What the task requires: The line with "restaurants-restaurants" through the last line of the entries: give these again exactly, and only these, without any pictures.

Recorded information:
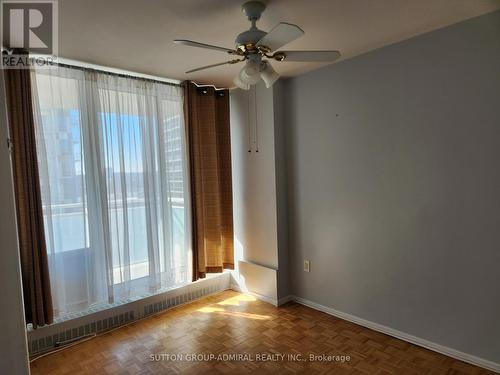 603 - 2345 Confederation Parkway, Mississauga, ON - Indoor Photo Showing Other Room
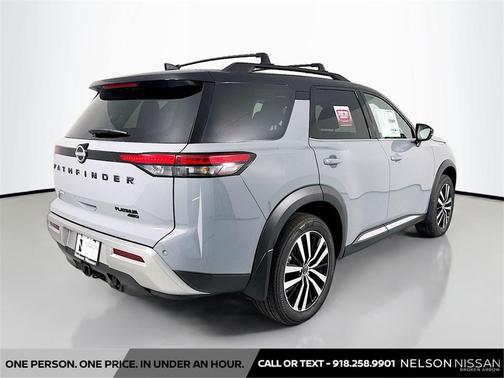 2025 Nissan Pathfinder Platinum 4WD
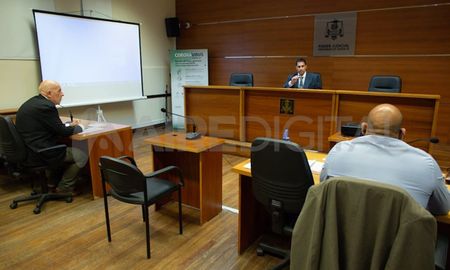 La resolución fue dictada en una audiencia que tuvo lugar en tribunales. La resolución fue dictada en una audiencia que tuvo lugar en tribunales.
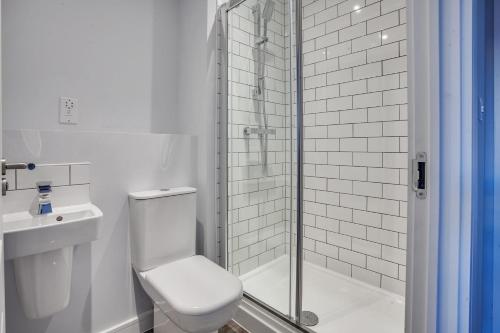 Stylish 2 Bedroom Flat in the Heart of Birmingham - image 7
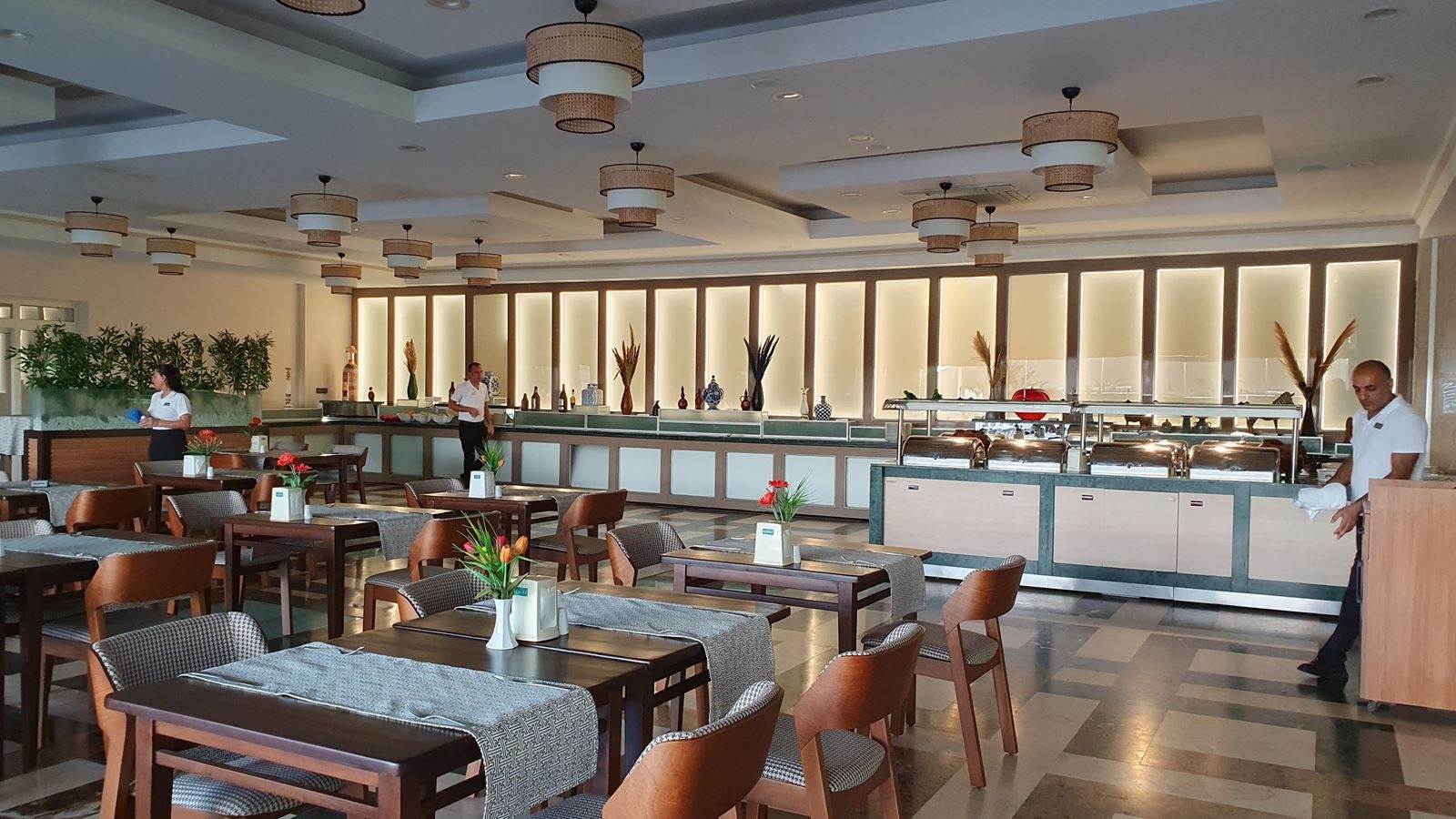 restaurants-restaurants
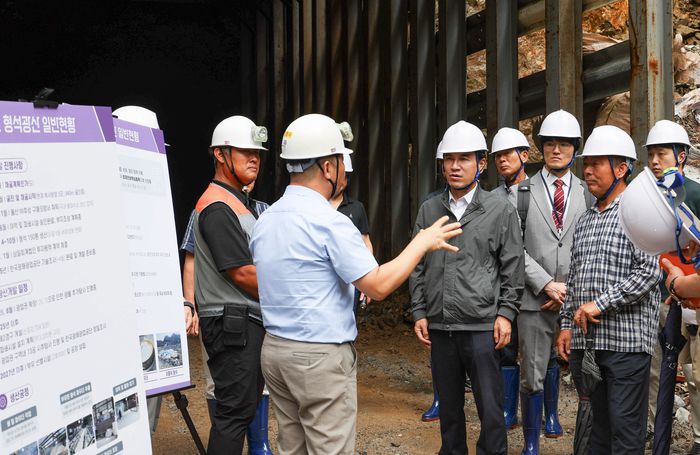김진태 강원특별자치도지사가 26일 춘천시 사북면 신포리에 위치한 국내 유일의 형석 광산에서 현황을 보고 받고 있다.  사진|강원특별자치도청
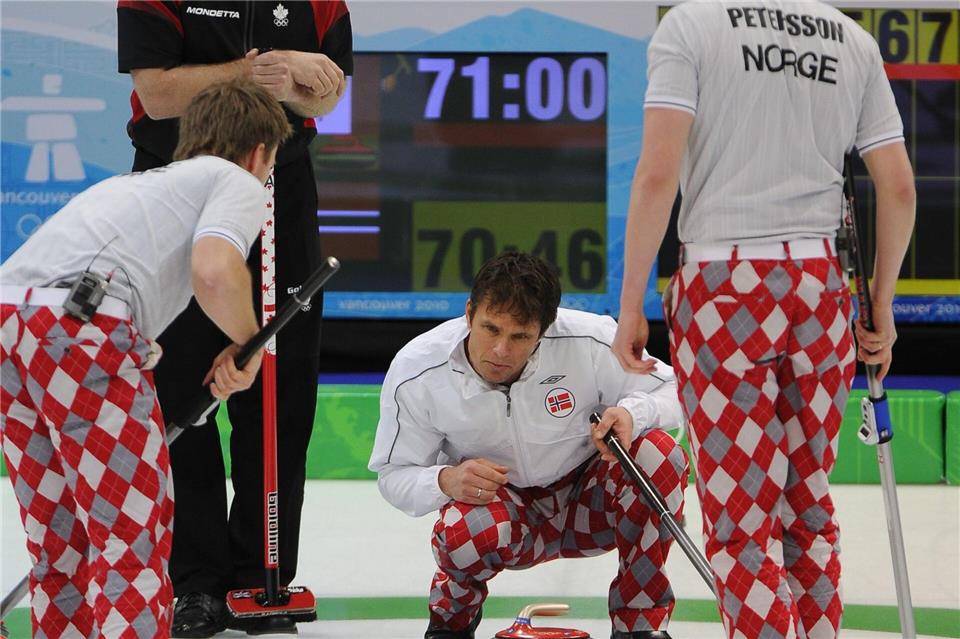 Der damalige norwegische Kapitän Thomas Ulsrud (Mitte) machte die Hosen mit seinem Team bei Olympia 2010 in Vancouver berühmt. (Archivbild)picture alliance / dpa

Solution below:
 restaurants-restaurants
김진태 강원특별자치도지사가 26일 춘천시 사북면 신포리에 위치한 국내 유일의 형석 광산에서 현황을 보고 받고 있다.  사진|강원특별자치도청
 Der damalige norwegische Kapitän Thomas Ulsrud (Mitte) machte die Hosen mit seinem Team bei Olympia 2010 in Vancouver berühmt. (Archivbild)picture alliance / dpa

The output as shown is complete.